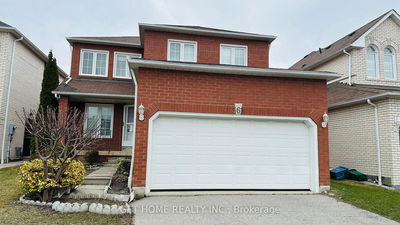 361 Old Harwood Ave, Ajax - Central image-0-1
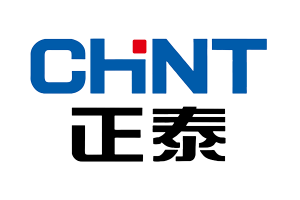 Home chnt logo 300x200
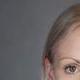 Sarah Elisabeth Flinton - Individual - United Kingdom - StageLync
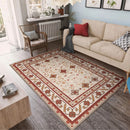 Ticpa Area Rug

========================

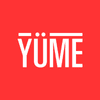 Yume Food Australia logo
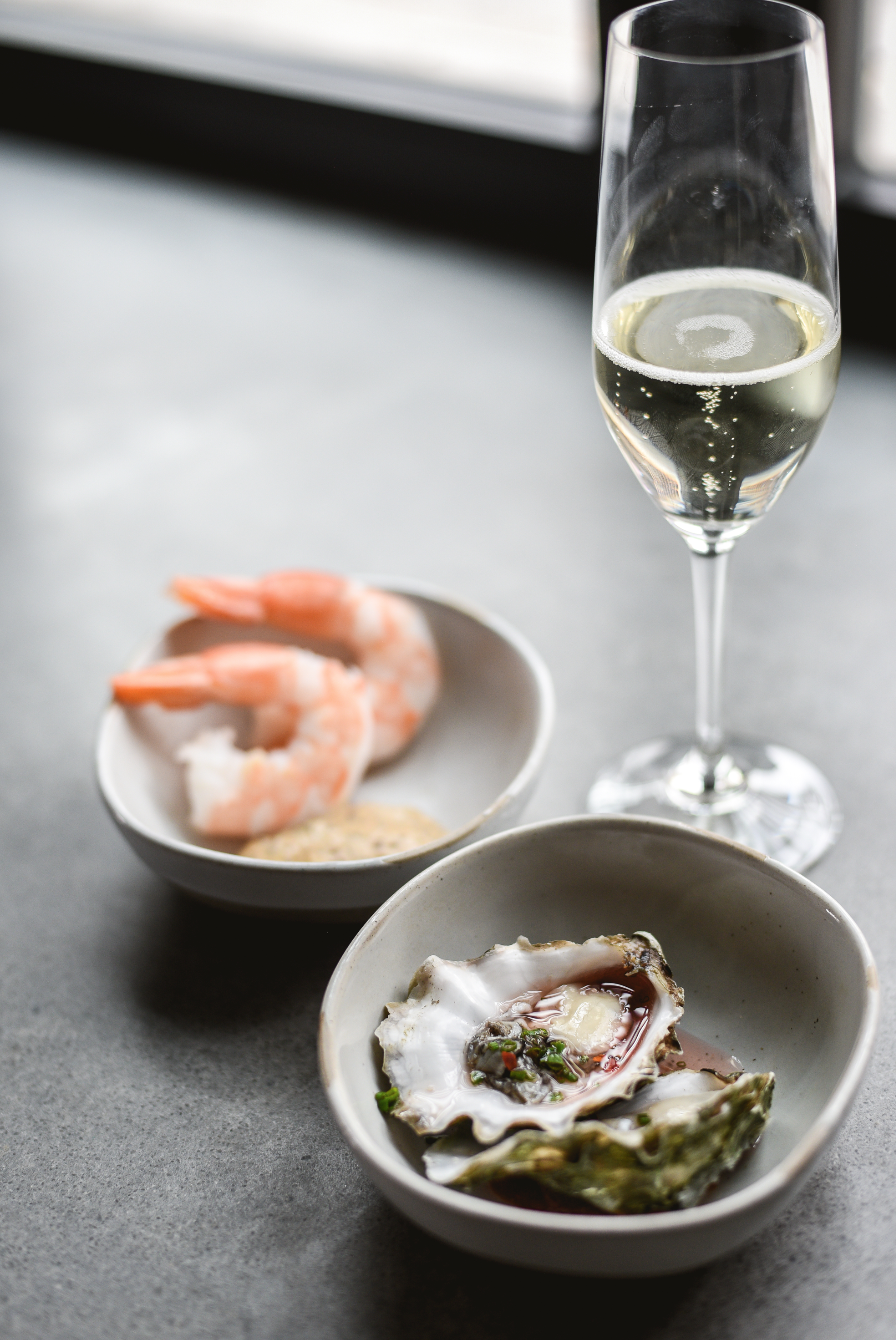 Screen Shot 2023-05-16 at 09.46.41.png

========================

■ WORK REQUEST ■
Starting with the line above that holds "Sarah Elisabeth Flinton", restate each line word for word up to and including the line that holds "Ticpa Area Rug". Drop the pictures.

■ YOUR RESPONSE ■
 Sarah Elisabeth Flinton - Individual - United Kingdom - StageLync
 Ticpa Area Rug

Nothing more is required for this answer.